Kafka
Orchestrators like Temporal and Airflow have a coordinator to wrap. Choreography does not. Agents that react autonomously to Kafka topics have no single point where policy can be enforced, which is exactly what makes event-driven agent systems structurally hard to govern. chio plugs into the consumer side, evaluates each event before the agent acts on it, and writes receipts into Kafka transactions so the offset commit and the attestation land atomically. The integration ships today as the chio-streaming Python package wrapping confluent-kafka-python, with adapters for NATS, Pulsar, EventBridge, Pub/Sub, and Redis Streams on the documented roadmap.
Why Kafka Through chio
The Kafka consumer loop is the agent's trigger loop. An event arrives on a topic, the agent decides what to do, it calls tools in response, and it emits result events downstream. Every link in that chain is a capability boundary: the agent must be authorized to consume the inbound topic, authorized to call each tool, and authorized to produce to each outbound topic. chio evaluates all three.
The alternative is no governance at all. Kafka itself offers ACLs for topic read and write, but ACLs do not model scope, budget, guard pipelines, or signed attestation. They answer whether a principal can read a topic, not whether this specific message, with this specific content, in this specific choreography, is permitted to drive a tool call right now.

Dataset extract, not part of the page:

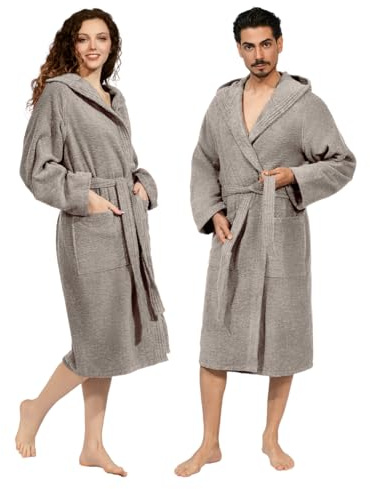 nice homeit Unisex-Bademantel für Damen/Herren mit Kapuze – Frottee aus 100% Baumwolle OEKO-TEX – weich, saugfähig, italienisches Design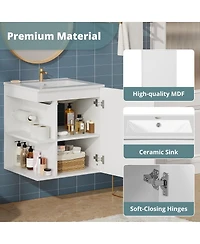 Sillysis 20" Wall Mounted Bathroom Vanity with Sink, Modern Floating Open Shelves for Small Spaces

| Event streaming alone | Event streaming + chio |
|---|---|
| Agents consume freely once they have ACL read | Scoped capabilities per topic and per content class |
| No audit of tools an agent invokes in response | Signed receipts on every tool call triggered by an event |
| Schema Registry governs data shape | chio governs what agents do with the data |
| Dead letter means processing failed | Dead letter means processing was not authorized |
| Exactly-once avoids duplicate processing | Exactly-once plus receipt commit: attested processing |
Consumer-Side Enforcement
chio does not touch the broker. The broker stays a dumb pipe, which is important for compatibility with managed services like MSK and Confluent Cloud. Governance lives inside the consumer process, next to the agent loop, and every poll goes through the kernel before it is handed to application code:
Two capability boundaries exist per event. First, consumption: is this agent authorized to see this topic and this message? Second, tool invocation: for each tool the agent calls in response, is the call permitted? Production is a third boundary when the agent writes result events back out. Each of the three produces a distinct receipt, and the receipts link together so the full chain can be reconstructed.
Transactional Receipt Commit
Kafka's exactly-once semantics provide the machinery chio needs to land an offset commit and a receipt commit together. Either both succeed or both roll back. If the agent crashes between the tool call and the commit, the event will be redelivered and the receipt for the aborted attempt is flagged as rolled back, so auditors can distinguish a real invocation from a transient failure.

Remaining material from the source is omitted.